Many people worry about developing dementia, particularly if they have a relative with the condition.

Research has highlighted some important factors that affect our risk of developing different types of dementia. Some of the risk factors we cannot control, such as our age, other factors we can influence, such as our lifestyle.

A person who has some of the risk factors present in their life will not necessarily go on to develop the condition. Equally a person who avoids risk factors is not guaranteed that they will not develop the condition, although it does make it less likely.

The most important thing is not to worry alone, if you have concerns talk to your doctor or call the Alzheimer National Helpline.

Risk factors associated with dementia include:

Age

Age is the most significant risk factor for developing dementia.

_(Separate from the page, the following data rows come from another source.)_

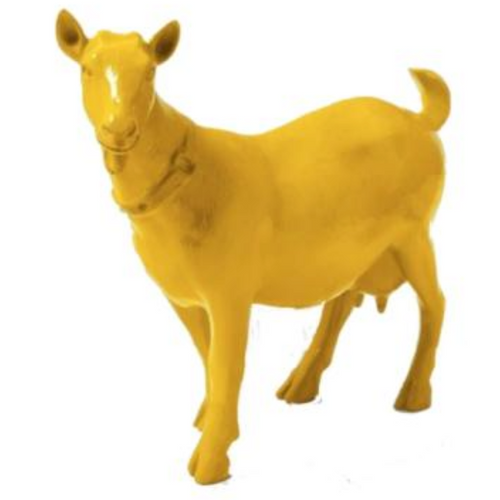 Statue de Chevre en Résine - 60cm - Couleur Jaune - Décoration Animale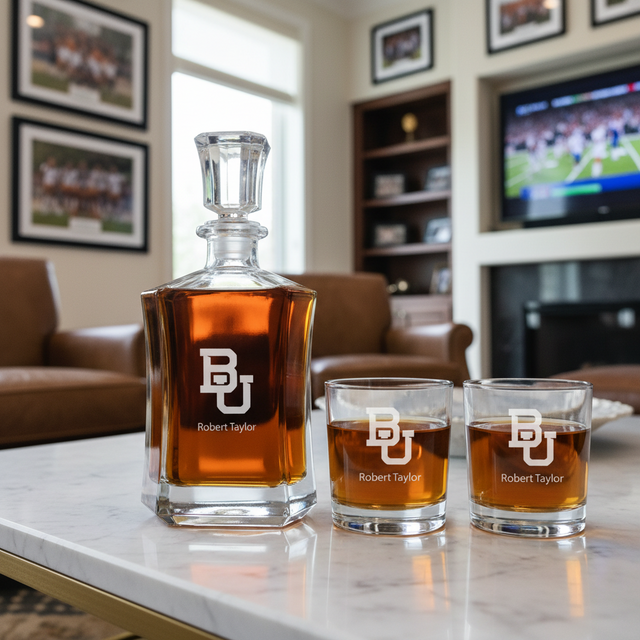 Engraved Baylor University Initials - Personalized Crown Classic Decanter Set Whiskey Glasses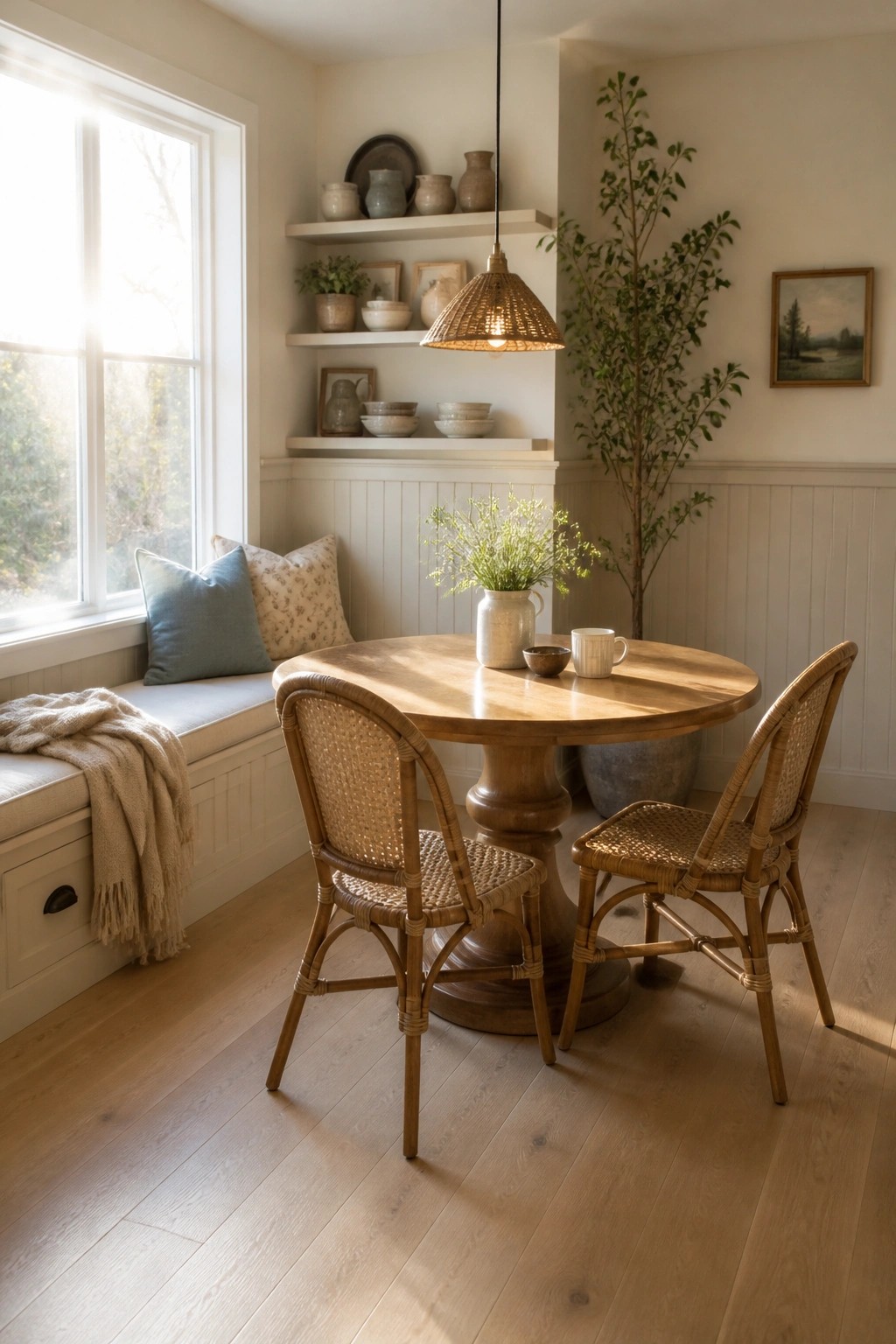 A round wooden dining table with two woven chairs sits on light wood flooring beside a window seat with pillows and floating shelves above.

Dementia can occur at any age, but is rare in people under 60 and becomes more common as we age. Dementia affects one person in 70 aged 65 to 70 years and this rises to one person in 5 over 80 years.

While it is known that age is a risk factor, developing dementia is not an inevitable part of ageing. Many people do not develop dementia at any age.

Genetics

The role of genetics in the development of dementia is not yet fully understood. There has been some progress in this area and certain genes have been identified as playing a part in the development of different types of dementia.

A gene called apolipoprotein E (ApoE) has been linked to Alzheimer's and vascular dementia, however the role it plays is not yet fully understood. People with this gene have not developed dementia and people who do not have it, have developed the condition. Even where this gene is present, there is only a slightly increased risk in developing the condition than the average population.

There are some rare forms of dementia that can be passed from generation to generation. It is important to know that these genetic factors only cause the condition in a very small number of families. One such form is Familial Alzheimer's. This very rare form of dementia affects younger people and can result in people in their 30's and 40's developing the condition. Where Familial Alzheimer's is present, there is a 50% possibility of passing on the gene to the next generation who would then eventually develop the condition. It is important to remember that early onset Alzheimer's - that is where the condition develops in people under 65 - is rare and not all of these cases are thought to be inherited.

Some forms of frontal-temporal dementia or Picks condition have a strong family history and in some cases a genetic link has been found. These inherited types of dementia are rare.

Family History

If you have a family history of these rare types of dementia you can talk to your doctor about genetic counselling and if it is appropriate for you. Genetic counselling is a process which will help to determine if your family history suggests genetic testing is an option to be considered and if it is right for you.

Specific medical conditions can increase a person's chances of developing dementia. These include Huntington's disease, Down's syndrome and HIV.

A person's risk of developing vascular dementia is affected by mid life high blood pressure, high blood cholesterol levels, stroke diabetes and heart problems.

Lifestyle

There is mounting evidence that our lifestyle can impact our chances of developing dementia.

Thankfully we can make changes to our lifestyle and so reduce our risk. The areas that can impact our risk of developing dementia also impact our risk of developing many types of illness. These include:

  • Diet and nutrition - a poor, high fat diet contributes to a high body weight, heart disease, high blood pressure and a poor cholesterol levels - all risk factors in developing dementia.
  • Smoking - has an extremely harmful effect on the heart, lungs and vascular system. Smoking is a significant risk factor in developing a range of illnesses including dementia. You will always benefit from giving up smoking.
  • Alcohol - excessive alcohol over a long period of time can increase a person's risk of developing a form of dementia called Korsakoff's syndrome. However, there is some research that suggests a moderate amount of red wine ( which contains antioxidants) might help to reduce our risk of dementia.
  • Lack of Physical Activity -  can lead to problems with body weight and to problems with our hearts and vascular system – these problems can in turn increase our risk of developing vascular dementia.